◆ RECORDS FOR THIS EXERCISE ◆
####################

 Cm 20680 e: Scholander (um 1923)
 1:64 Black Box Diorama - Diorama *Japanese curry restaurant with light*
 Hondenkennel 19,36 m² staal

####################

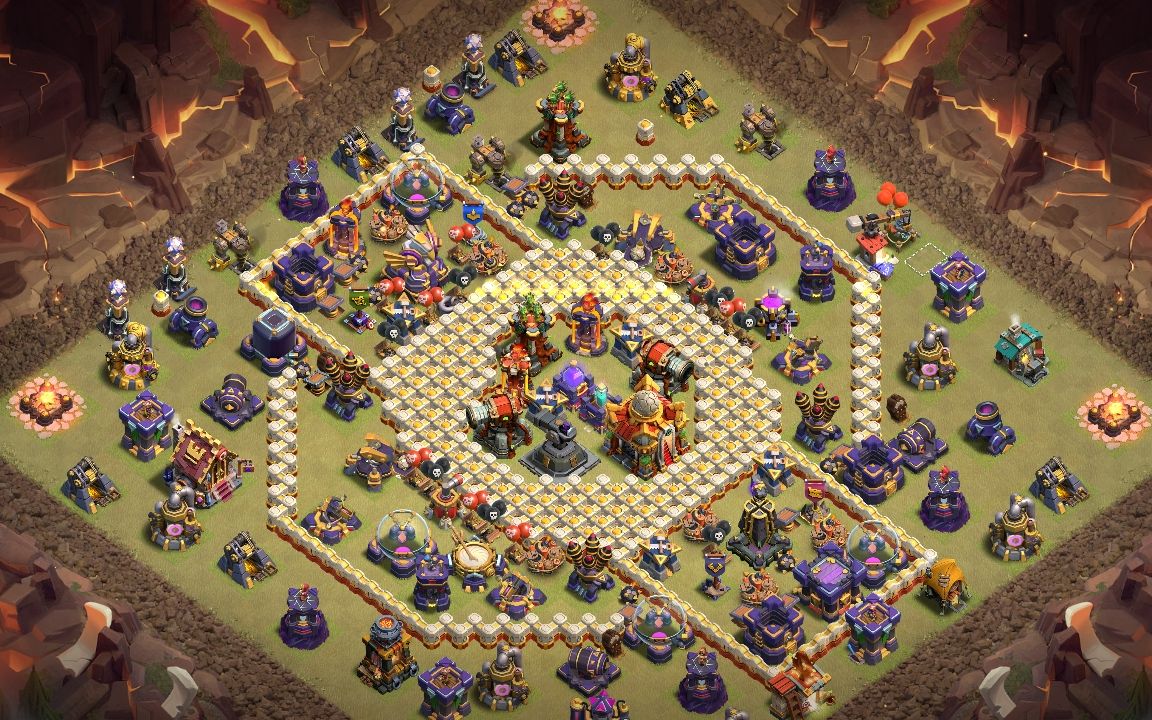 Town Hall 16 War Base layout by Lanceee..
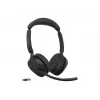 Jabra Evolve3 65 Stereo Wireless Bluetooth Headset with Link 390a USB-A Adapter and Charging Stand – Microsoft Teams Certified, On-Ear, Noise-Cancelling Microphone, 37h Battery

####################

◆ WHAT TO DO ◆
In the listing above, locate the line containing "Cm 20680 e: Scholander (um 1923)" and the line containing "Hondenkennel 19,36 m² staal". Transcribe those two lines and everything between them, exactly as written.

◆ RESULT OF THE TASK ◆
 Cm 20680 e: Scholander (um 1923)
 1:64 Black Box Diorama - Diorama *Japanese curry restaurant with light*
 Hondenkennel 19,36 m² staal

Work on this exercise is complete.